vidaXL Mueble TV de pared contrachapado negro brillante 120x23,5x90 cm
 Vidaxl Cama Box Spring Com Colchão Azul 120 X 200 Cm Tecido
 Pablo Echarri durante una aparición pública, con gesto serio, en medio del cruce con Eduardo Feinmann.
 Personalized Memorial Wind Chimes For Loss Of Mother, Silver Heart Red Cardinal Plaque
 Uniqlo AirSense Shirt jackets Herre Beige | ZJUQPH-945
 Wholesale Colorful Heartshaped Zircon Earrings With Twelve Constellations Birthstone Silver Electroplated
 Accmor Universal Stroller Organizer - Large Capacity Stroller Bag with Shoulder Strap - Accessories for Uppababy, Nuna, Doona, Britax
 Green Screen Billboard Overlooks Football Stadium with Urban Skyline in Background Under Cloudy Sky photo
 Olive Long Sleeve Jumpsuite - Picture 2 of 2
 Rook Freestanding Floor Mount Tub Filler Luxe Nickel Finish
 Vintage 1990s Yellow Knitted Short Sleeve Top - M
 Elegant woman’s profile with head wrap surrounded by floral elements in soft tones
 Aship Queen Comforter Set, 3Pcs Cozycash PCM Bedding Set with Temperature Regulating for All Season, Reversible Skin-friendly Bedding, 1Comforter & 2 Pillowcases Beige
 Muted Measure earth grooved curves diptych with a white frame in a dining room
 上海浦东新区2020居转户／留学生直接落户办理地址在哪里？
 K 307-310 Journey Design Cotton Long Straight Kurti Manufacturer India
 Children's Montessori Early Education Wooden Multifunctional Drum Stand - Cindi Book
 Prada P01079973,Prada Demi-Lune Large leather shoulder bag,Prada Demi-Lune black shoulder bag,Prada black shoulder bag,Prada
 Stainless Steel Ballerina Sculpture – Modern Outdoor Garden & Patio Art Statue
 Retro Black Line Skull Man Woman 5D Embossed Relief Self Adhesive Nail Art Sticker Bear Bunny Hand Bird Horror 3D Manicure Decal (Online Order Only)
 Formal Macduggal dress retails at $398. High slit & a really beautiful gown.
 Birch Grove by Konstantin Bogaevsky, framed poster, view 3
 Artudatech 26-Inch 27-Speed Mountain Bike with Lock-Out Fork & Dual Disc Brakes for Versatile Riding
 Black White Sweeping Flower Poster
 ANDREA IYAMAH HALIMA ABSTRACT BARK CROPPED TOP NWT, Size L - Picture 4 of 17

━━━━━━━━━━━━━━━━━━━━━━━━━━━━━━

▶ **WHAT THIS TASK INVOLVES**: How many lines of the records contain "Sleeve"? Answer with the number only.

▶ **RESULT OF THIS TASK**: 2